__REQUIREMENT__: Everything from the line holding "2024 Volvo XC40" through the last line of the listing needs to be repeated exactly, with no other lines.

__EXERCISE MATERIALS__:

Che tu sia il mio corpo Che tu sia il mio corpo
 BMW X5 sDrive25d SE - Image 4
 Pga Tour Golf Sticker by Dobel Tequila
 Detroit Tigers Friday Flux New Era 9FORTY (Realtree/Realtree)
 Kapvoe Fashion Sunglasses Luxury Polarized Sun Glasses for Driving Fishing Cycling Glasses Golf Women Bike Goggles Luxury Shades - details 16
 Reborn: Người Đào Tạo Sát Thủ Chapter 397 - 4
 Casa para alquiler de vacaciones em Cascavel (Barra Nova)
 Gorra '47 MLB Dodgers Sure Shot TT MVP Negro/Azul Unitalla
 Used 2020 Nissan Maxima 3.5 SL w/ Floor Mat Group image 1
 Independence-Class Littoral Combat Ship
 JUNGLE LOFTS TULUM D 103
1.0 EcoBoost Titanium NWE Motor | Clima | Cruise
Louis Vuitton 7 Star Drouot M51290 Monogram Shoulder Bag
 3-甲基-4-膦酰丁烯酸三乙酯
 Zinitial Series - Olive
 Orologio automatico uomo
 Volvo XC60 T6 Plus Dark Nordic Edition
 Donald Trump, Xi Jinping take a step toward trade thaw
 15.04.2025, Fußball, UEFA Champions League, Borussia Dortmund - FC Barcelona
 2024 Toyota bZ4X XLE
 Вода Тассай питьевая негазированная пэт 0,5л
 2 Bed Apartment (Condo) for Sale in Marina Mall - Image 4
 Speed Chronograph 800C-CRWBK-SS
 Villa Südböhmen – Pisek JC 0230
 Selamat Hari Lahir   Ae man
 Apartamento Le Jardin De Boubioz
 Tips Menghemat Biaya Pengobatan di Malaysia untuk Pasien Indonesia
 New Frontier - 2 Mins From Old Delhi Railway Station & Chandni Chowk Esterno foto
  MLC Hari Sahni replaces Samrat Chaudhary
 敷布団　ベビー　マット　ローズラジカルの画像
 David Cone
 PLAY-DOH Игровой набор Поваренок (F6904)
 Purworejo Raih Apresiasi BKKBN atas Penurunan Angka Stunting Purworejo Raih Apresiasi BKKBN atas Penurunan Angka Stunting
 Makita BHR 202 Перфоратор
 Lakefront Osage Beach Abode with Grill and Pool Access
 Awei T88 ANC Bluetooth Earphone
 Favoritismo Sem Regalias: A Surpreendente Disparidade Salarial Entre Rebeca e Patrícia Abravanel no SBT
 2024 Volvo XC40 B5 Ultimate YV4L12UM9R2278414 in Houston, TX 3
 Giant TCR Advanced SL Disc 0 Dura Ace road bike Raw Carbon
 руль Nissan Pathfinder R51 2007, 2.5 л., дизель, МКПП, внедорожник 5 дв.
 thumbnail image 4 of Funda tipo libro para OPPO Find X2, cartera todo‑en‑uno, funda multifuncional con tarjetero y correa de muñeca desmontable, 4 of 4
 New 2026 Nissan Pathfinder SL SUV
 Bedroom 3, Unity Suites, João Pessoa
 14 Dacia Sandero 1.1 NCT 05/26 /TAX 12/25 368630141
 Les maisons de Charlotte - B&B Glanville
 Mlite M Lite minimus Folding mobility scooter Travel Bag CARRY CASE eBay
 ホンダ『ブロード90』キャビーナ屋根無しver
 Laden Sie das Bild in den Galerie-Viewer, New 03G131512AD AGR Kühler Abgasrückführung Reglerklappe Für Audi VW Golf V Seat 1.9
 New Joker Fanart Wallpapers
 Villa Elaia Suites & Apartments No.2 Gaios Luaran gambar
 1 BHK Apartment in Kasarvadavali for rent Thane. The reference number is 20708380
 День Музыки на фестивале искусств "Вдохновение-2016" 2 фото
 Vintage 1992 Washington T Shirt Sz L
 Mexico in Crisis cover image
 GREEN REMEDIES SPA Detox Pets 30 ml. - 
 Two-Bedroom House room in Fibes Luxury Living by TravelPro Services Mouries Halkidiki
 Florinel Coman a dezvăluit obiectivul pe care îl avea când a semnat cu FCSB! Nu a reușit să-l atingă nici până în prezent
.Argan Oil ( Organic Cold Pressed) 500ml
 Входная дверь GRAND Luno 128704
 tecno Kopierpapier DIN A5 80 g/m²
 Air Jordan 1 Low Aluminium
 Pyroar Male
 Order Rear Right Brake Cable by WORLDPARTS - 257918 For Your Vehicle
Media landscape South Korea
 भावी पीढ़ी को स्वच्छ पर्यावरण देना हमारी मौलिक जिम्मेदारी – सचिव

__RESPONSE__:
 2024 Volvo XC40 B5 Ultimate YV4L12UM9R2278414 in Houston, TX 3
 Giant TCR Advanced SL Disc 0 Dura Ace road bike Raw Carbon
 руль Nissan Pathfinder R51 2007, 2.5 л., дизель, МКПП, внедорожник 5 дв.
 thumbnail image 4 of Funda tipo libro para OPPO Find X2, cartera todo‑en‑uno, funda multifuncional con tarjetero y correa de muñeca desmontable, 4 of 4
 New 2026 Nissan Pathfinder SL SUV
 Bedroom 3, Unity Suites, João Pessoa
 14 Dacia Sandero 1.1 NCT 05/26 /TAX 12/25 368630141
 Les maisons de Charlotte - B&B Glanville
 Mlite M Lite minimus Folding mobility scooter Travel Bag CARRY CASE eBay
 ホンダ『ブロード90』キャビーナ屋根無しver
 Laden Sie das Bild in den Galerie-Viewer, New 03G131512AD AGR Kühler Abgasrückführung Reglerklappe Für Audi VW Golf V Seat 1.9
 New Joker Fanart Wallpapers
 Villa Elaia Suites & Apartments No.2 Gaios Luaran gambar
 1 BHK Apartment in Kasarvadavali for rent Thane. The reference number is 20708380
 День Музыки на фестивале искусств "Вдохновение-2016" 2 фото
 Vintage 1992 Washington T Shirt Sz L
 Mexico in Crisis cover image
 GREEN REMEDIES SPA Detox Pets 30 ml. - 
 Two-Bedroom House room in Fibes Luxury Living by TravelPro Services Mouries Halkidiki
 Florinel Coman a dezvăluit obiectivul pe care îl avea când a semnat cu FCSB! Nu a reușit să-l atingă nici până în prezent
.Argan Oil ( Organic Cold Pressed) 500ml
 Входная дверь GRAND Luno 128704
 tecno Kopierpapier DIN A5 80 g/m²
 Air Jordan 1 Low Aluminium
 Pyroar Male
 Order Rear Right Brake Cable by WORLDPARTS - 257918 For Your Vehicle
Media landscape South Korea
 भावी पीढ़ी को स्वच्छ पर्यावरण देना हमारी मौलिक जिम्मेदारी – सचिव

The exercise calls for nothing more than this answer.